Re: Re: Clarifying "server starting" messaging in pg_ctl start without --wait

From: Andres Freund <andres(at)anarazel(dot)de>
To: Stephen Frost <sfrost(at)snowman(dot)net>
Cc: Peter Eisentraut <peter(dot)eisentraut(at)2ndquadrant(dot)com>, Michael Paquier <michael(dot)paquier(at)gmail(dot)com>, Robert Haas <robertmhaas(at)gmail(dot)com>, Fujii Masao <masao(dot)fujii(at)gmail(dot)com>, Ryan Murphy <ryanfmurphy(at)gmail(dot)com>, Beena Emerson <memissemerson(at)gmail(dot)com>, "pgsql-hackers(at)postgresql(dot)org" <pgsql-hackers(at)postgresql(dot)org>
Subject: Re: Re: Clarifying "server starting" messaging in pg_ctl start without --wait
Date: 2017-01-20 01:54:27
Message-ID: 20170120015427.z7kv5avhju56hr7a@alap3.anarazel.de
Views: Raw Message | Whole Thread | Download mbox | Resend email
Thread:
Lists: pgsql-hackers

On 2017-01-19 20:45:57 -0500, Stephen Frost wrote:
> * Andres Freund (andres(at)anarazel(dot)de) wrote:
> > On 2017-01-19 10:06:09 -0500, Stephen Frost wrote:
> > > WAL replay does do more work, generally speaking (the WAL has to be
> > > read, the checksum validated on it, and then the write has to go out,
> > > while the checkpointer just writes the page out from memory), but it's
> > > also dealing with less contention on the system (there aren't a bunch of
> > > backends hammering the disks to pull data in with reads when you're
> > > doing crash recovery...).
> >
> > There's a huge difference though: WAL replay is single threaded, whereas
> > generating WAL is not.
>
> I'm aware- but *checkpointing* is still single-threaded, unless, as I
> mentioned, you end up with backends pushing out their own changes to the
> heap to make room for new pages to come in.

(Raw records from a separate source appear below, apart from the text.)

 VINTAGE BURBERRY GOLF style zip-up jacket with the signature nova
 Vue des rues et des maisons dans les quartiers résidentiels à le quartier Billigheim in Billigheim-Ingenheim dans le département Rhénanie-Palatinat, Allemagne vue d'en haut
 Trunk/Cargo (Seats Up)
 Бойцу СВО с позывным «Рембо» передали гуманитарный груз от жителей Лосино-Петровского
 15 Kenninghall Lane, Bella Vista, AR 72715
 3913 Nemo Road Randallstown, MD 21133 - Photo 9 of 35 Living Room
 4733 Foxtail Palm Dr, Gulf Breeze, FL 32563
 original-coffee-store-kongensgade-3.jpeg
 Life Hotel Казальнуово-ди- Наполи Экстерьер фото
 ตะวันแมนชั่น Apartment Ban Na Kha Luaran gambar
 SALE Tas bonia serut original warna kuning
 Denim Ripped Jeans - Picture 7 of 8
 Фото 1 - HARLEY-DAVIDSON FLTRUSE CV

Sure, but buffer checkpointing isn't necessarily that large a portion of
the work done in one checkpoint cycle, in comparison to all the WAL
being generated. Quite commonly a lot of the buffers will already have
been flushed to disk by backend and/or bgwriter, and are clean by the
time checkpointer gets to them. So I don't think checkpointer being
single threaded necessarily means much WRT replay performance.

> > Especially if there's synchronous IO required
> > (most commonly reading in data, because more data was modified in the
> > current checkpointthan fit in shared buffers, so FPIs don't pre-fill
> > buffers), you can be significantly slower than generating the WAL.
>
> That is an interesting point, if I'm following what you're saying
> correctly- during the replay we can end up having more pages modified
> than fit in shared buffers, which means that we have to read back in
> pages that we pushed out to implement the non-FPI WAL changes to that
> page.

Right. (And not just during replay obviously, also during the intial WAL
generation).

> I wonder if we should have a way to configure the amount of memory
> allowed to be used for WAL replay, independent of shared_buffers?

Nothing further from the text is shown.